Using the records below, transcribe word for word the stretch from the line that contains "Shihpoo dogs for" through the line that contains "White Flower Bunch", both end lines included, and nothing else.
________________________
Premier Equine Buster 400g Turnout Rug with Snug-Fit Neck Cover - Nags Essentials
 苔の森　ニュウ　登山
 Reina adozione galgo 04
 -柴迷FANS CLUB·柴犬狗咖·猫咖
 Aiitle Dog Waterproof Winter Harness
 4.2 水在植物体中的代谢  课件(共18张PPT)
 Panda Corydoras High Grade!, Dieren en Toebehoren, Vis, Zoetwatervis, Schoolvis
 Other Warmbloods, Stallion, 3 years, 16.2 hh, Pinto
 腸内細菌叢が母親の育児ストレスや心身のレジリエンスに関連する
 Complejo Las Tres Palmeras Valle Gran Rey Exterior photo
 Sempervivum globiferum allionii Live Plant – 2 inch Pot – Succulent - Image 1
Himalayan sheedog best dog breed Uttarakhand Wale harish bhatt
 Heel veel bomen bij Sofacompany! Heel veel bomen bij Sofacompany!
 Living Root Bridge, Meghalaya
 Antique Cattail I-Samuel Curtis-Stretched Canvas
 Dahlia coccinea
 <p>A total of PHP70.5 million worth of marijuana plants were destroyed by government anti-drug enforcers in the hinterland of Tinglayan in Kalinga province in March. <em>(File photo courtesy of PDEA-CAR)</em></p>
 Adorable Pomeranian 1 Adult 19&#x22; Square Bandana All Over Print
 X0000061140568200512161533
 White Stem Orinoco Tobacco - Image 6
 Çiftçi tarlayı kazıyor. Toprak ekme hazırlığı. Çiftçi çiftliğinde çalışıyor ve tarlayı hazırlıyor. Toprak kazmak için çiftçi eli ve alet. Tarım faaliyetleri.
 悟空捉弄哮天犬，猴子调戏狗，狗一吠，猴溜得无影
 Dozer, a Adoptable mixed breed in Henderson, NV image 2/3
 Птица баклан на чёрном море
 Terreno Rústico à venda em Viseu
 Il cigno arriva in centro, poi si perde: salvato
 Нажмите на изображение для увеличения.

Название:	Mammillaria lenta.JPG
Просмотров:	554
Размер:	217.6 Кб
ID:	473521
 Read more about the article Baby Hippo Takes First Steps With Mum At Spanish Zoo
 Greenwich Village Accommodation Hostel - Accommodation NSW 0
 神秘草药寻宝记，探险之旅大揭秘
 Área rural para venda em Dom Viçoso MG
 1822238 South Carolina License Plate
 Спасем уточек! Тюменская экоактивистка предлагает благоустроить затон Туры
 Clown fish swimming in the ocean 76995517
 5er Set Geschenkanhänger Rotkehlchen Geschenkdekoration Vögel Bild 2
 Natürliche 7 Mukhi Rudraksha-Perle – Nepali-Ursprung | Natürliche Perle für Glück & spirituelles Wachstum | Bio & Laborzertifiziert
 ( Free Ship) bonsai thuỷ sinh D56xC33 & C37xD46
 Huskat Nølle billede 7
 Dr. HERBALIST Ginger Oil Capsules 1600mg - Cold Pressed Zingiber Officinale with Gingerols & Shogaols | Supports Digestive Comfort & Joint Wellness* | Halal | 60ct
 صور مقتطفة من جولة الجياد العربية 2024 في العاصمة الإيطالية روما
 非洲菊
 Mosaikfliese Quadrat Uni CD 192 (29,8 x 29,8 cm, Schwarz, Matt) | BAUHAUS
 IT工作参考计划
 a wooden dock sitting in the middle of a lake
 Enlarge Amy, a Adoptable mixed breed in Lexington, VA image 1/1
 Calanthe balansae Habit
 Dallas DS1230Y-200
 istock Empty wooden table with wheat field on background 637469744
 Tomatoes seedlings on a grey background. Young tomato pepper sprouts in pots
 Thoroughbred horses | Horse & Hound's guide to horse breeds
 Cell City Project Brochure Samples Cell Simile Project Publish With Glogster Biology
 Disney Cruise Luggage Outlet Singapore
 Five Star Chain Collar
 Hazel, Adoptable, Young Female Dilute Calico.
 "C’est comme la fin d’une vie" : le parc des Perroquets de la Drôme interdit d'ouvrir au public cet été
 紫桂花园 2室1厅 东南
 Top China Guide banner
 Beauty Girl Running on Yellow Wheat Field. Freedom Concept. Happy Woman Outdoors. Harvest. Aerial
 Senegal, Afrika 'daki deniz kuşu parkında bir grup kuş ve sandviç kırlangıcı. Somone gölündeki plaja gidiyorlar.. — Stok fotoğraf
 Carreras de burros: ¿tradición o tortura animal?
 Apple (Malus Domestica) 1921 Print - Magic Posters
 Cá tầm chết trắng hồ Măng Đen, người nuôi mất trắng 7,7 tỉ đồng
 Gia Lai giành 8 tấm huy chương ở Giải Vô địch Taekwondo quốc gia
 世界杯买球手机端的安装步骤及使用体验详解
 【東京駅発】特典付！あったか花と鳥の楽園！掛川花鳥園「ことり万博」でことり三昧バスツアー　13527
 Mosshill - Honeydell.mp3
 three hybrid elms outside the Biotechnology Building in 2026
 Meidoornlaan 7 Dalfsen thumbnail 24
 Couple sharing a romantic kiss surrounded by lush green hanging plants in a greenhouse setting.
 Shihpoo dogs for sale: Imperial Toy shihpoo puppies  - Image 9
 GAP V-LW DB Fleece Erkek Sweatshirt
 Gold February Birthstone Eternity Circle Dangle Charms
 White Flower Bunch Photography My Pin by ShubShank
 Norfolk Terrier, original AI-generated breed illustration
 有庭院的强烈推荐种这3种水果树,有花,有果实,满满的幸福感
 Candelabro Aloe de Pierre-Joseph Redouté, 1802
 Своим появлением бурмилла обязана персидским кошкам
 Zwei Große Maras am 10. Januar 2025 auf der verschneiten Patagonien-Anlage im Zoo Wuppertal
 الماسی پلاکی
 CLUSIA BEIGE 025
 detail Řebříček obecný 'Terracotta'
________________________
Result of the exercise
 Shihpoo dogs for sale: Imperial Toy shihpoo puppies  - Image 9
 GAP V-LW DB Fleece Erkek Sweatshirt
 Gold February Birthstone Eternity Circle Dangle Charms
 White Flower Bunch Photography My Pin by ShubShank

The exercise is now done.